Glenn Youngkin won election as Governor of Virginia in considerable part because he championed the right of parents to be involved in their children’s education. His opponent, Terry McAuliffe, struck the opposite note when he told an interviewer that “I’m not going to let parents come into schools and actually take books out and make their own decisions. I don’t think parents should be telling schools what they should teach.”
This was widely viewed as a gaffe, but McAuliffe declined more than one subsequent opportunity to walk back or soften his comments. He meant what he said.
Why did McAuliffe stick to his anti-parent guns? Because what he said, is what the Democrat base believes. A large majority of Democrats, especially activist Democrats, really do think that parents should be excluded from a meaningful role in public education.
We saw evidence of this when Governor Youngkin addressed the Virginia legislature on Monday. He said that his administration would protect the rights of parents with regard to their children’s “education, upbringing and care.” This was greeted with a standing ovation from Republicans, and stony silence from Democrats. The video below is all good, but the relevant portion begins at 6:56:
You might think that Democrats, stung by electoral defeat, would at least pay lip service to parents’ rights. But they don’t. Why?
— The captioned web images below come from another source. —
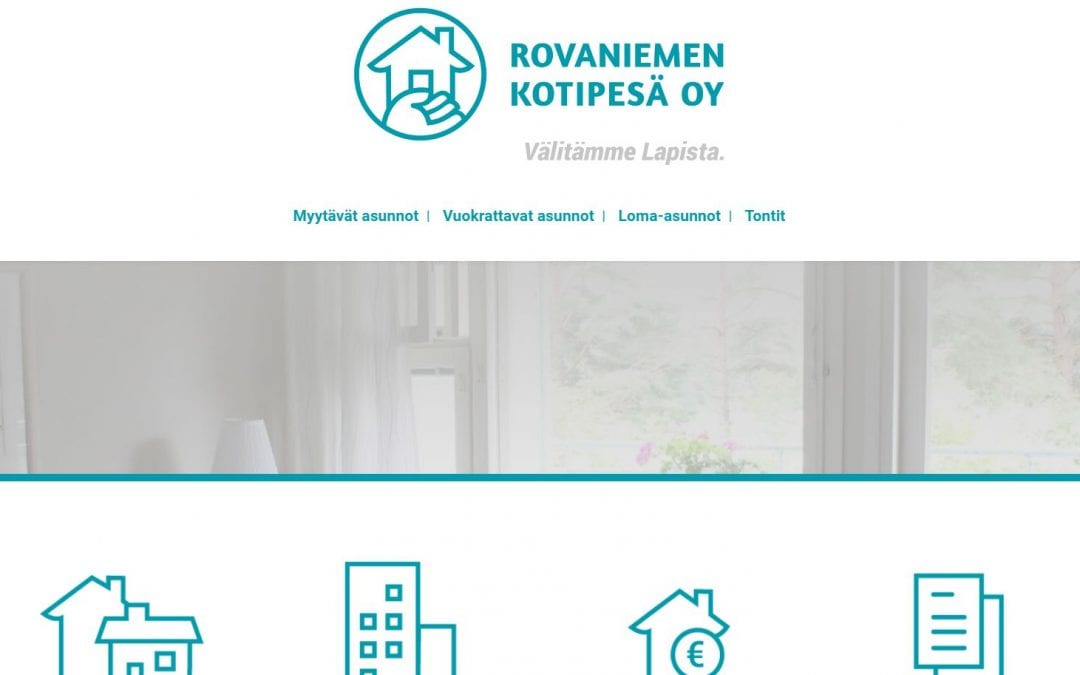 Rovaniemen Kotipesä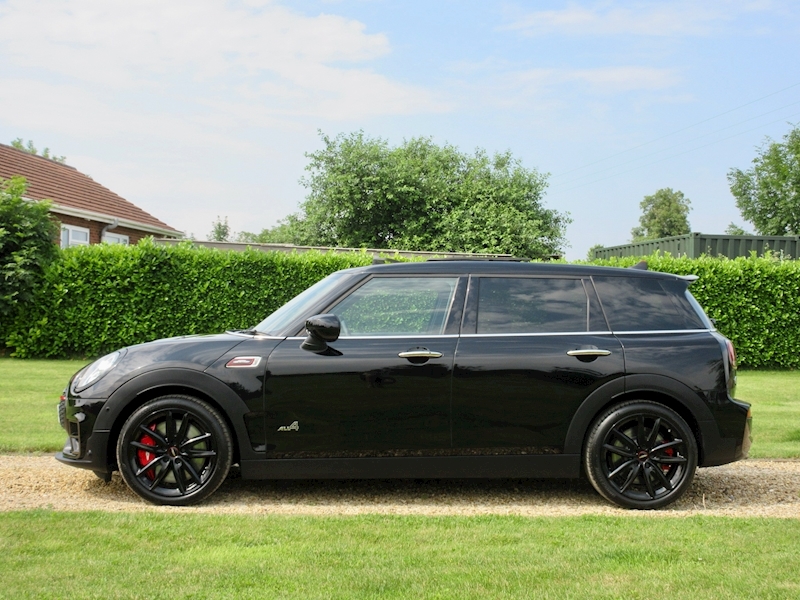 MINI 2.0 John Cooper Works Estate 6dr Petrol Steptronic ALL4 (s/s) (306 ps)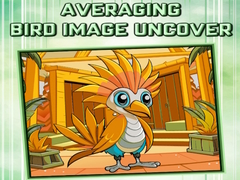 Ойын Averaging Bird Image Uncover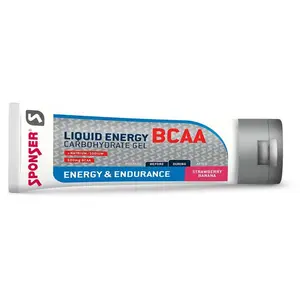 Sponser Sport Food Boîte De Gels énergétiques Liquid Plus Cola Et Citron 70g 18 Unités pas cher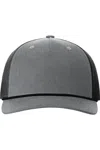 Richardson Five-panel Trucker With Rope Cap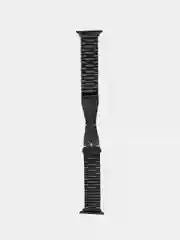 Черный ремешок Apple Watch, стальной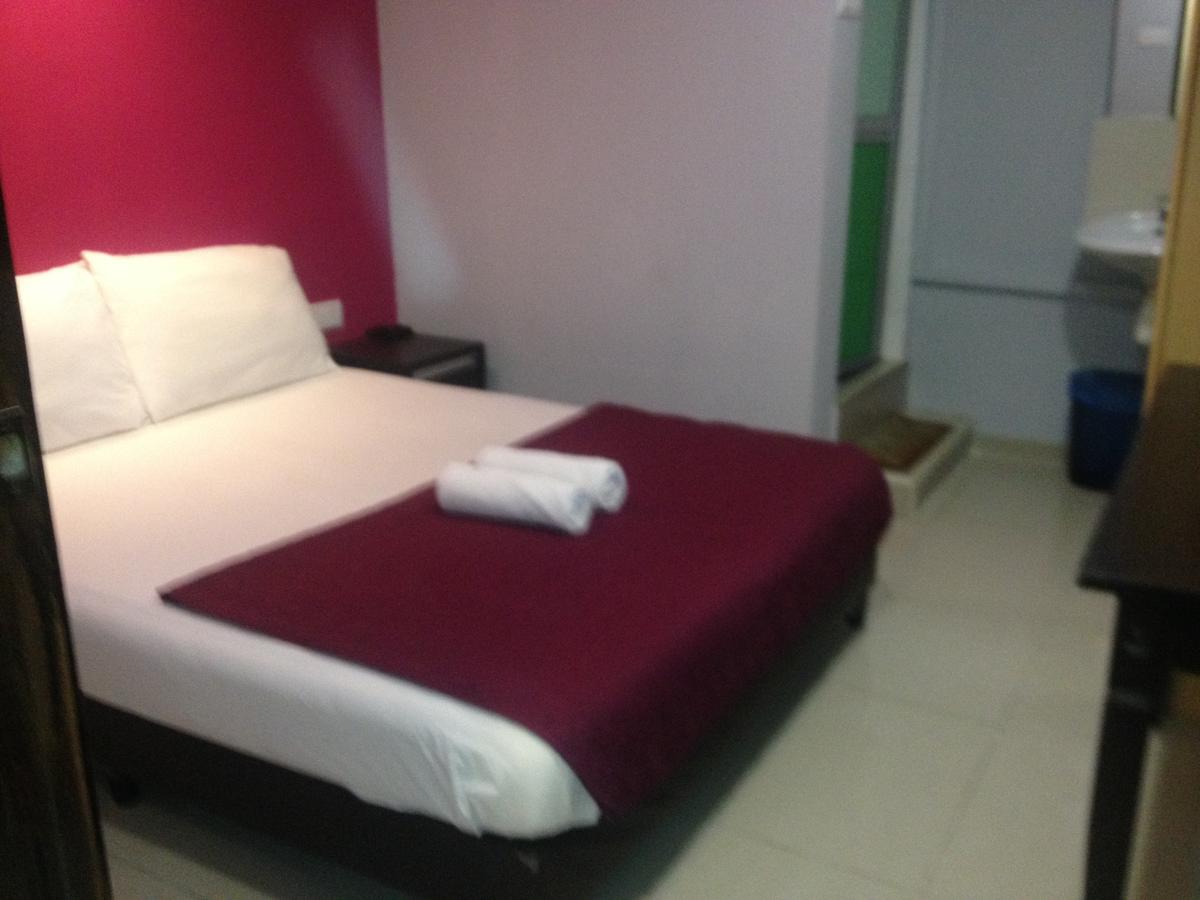 Hotel Elwarda Kl City Куала-Лумпур Екстер'єр фото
Because the belief that teachers and administrators–i.e., the teachers’ unions–should control public education to the exclusion of parents and other interested parties is fundamental to the Democrats’ worldview. In September, my organization asked Minnesota registered voters the question: “Who do you trust the most to decide what gets taught to our children in Minnesota’s public schools?” Potential answers were a) Parents, b) Teachers and principals, c) School boards, and d) Elected officials at the state level.
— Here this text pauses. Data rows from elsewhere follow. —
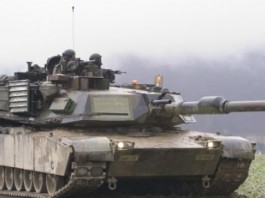 Американцы решили разместить танки в Болгарии из-за событий в Украине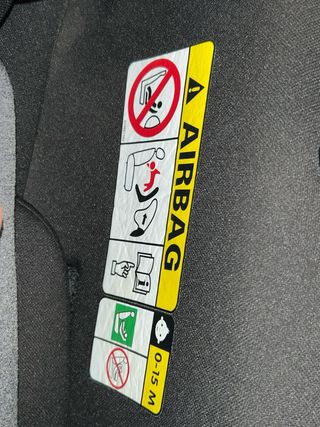 Silla Coche Giratoria Maxi-Cosi Mica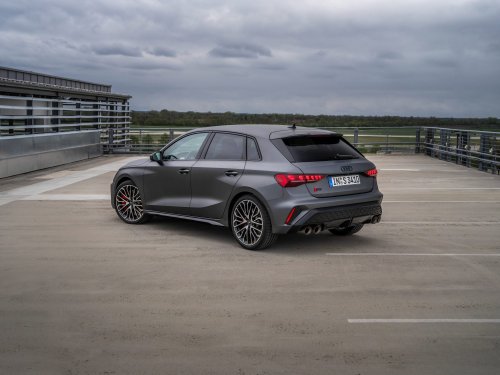Audi’s 2027 A3 Overhauls Its Cabin And Learns To Park By Watching You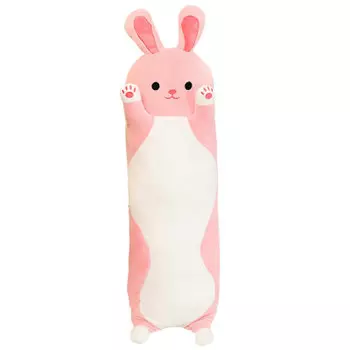 Игрушка мягкая Хуада Зайка 95см mg749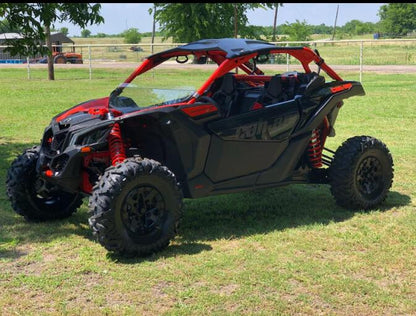 Aluminum Lower Door Inserts for Can-Am Maverick X3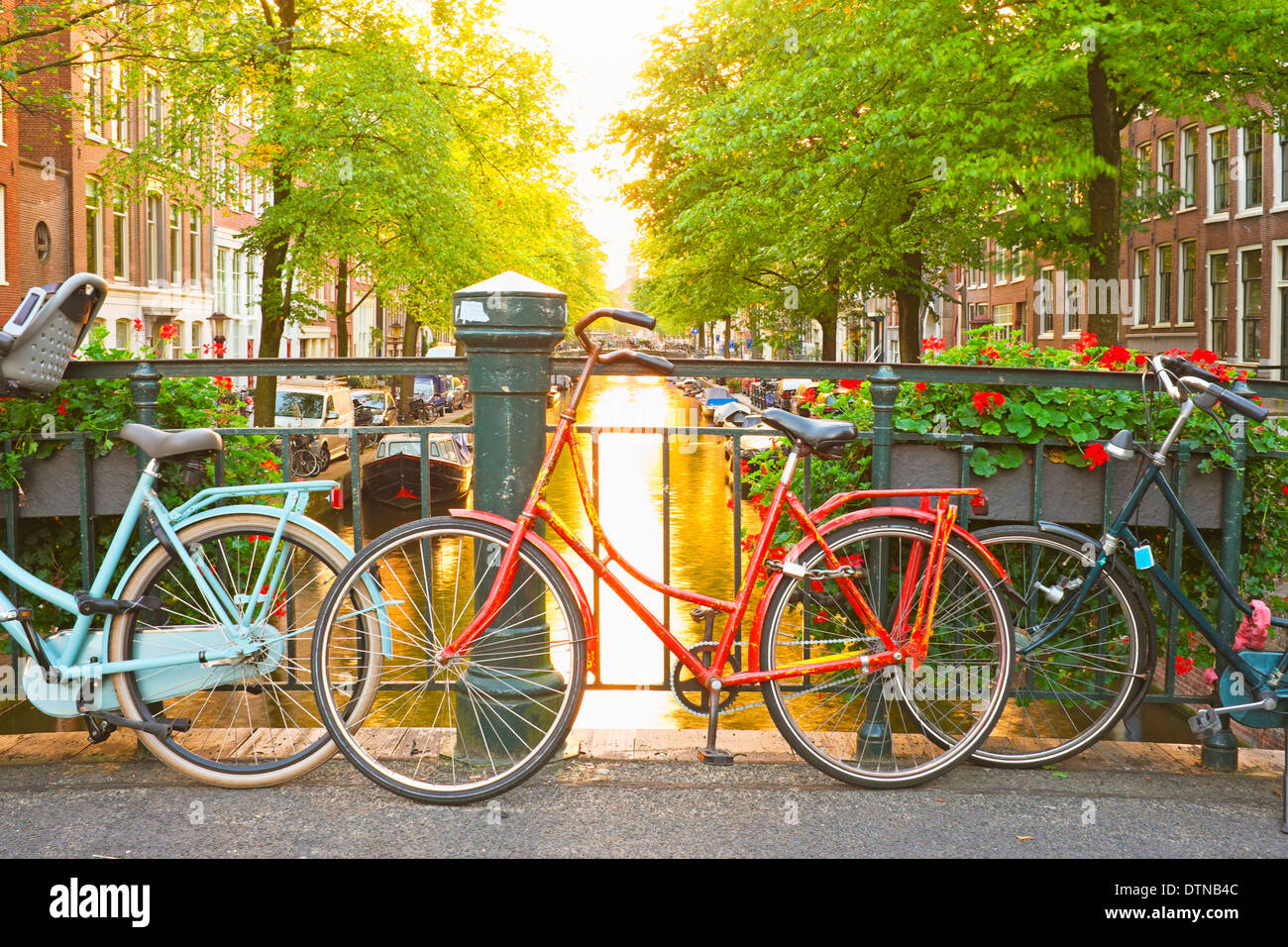 Amsterdam Bike Stockfotos und bilder Kaufen Alamy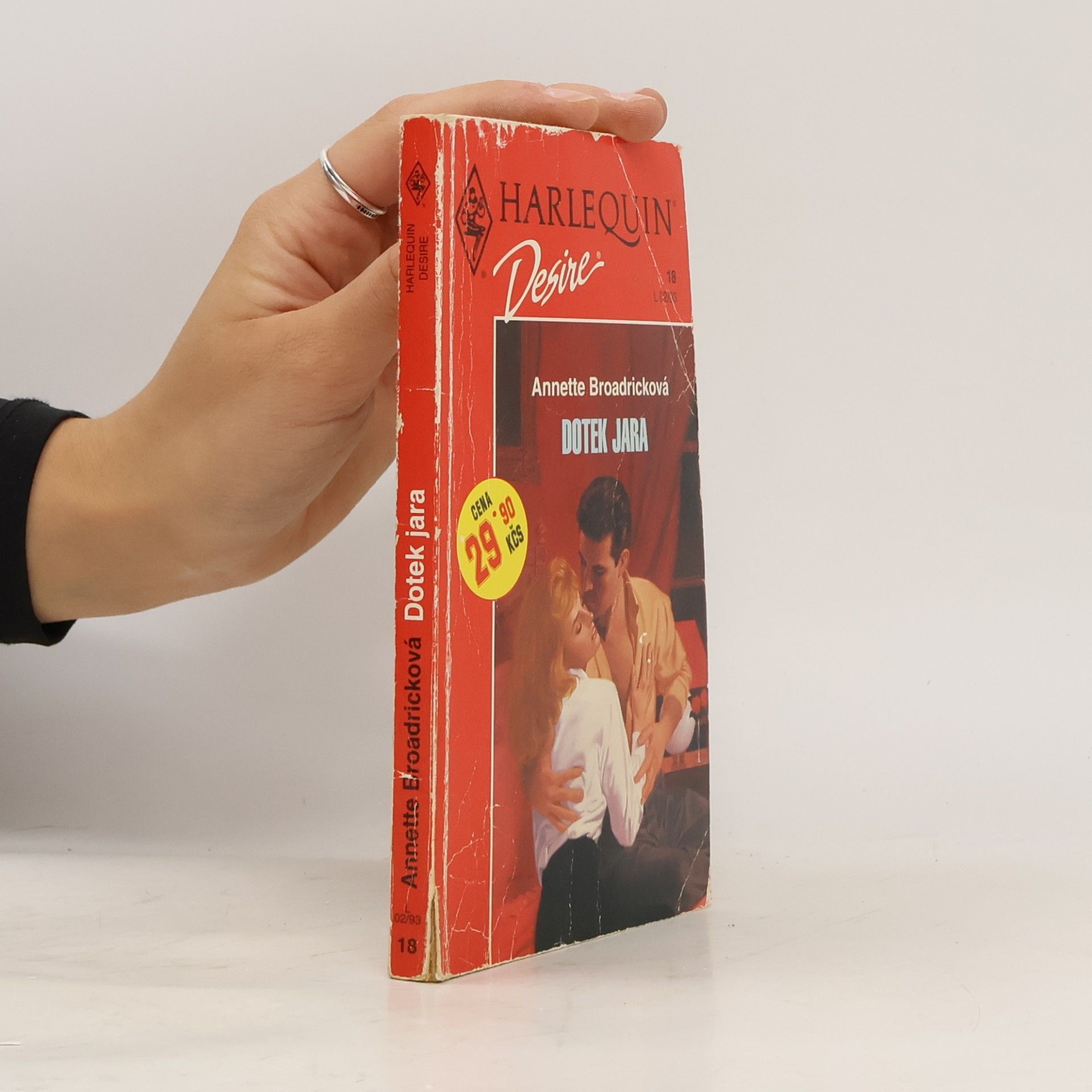 Dotek jara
Republicans and independents trust parents: 69% of Republicans and 44% of Independents said they trust parents the most, while only 16% of Republicans and 40% of Independents place their confidence in teachers and principals. But Democrats see education issues from a very different perspective. Only 18% of Democrats told our pollster that they trust parents, while 54% said that teachers and principals should decide what is taught in the public schools.
That stark contrast–69% vs. 18%–explains much about the current divisions in our politics. Parental involvement in education is a winning issue for Republicans, as we saw in Virginia and are likely to see in more states in 2022. But the Democrats are locked in: beholden to the teachers’ unions more than to any other constituency, except perhaps tech billionaires, they are committed to an anti-parent ideology. This is why Terry McAuliffe refused to back down, and this is why Democrats in Virginia’s legislature can’t clap for parents’ rights even after suffering a stinging electoral defeat.
Watch for the battle over parents’ rights to be a defining issue in the 2022 midterms, with the Republicans holding a decisive edge if, like Glenn Youngkin, they are smart enough to use it.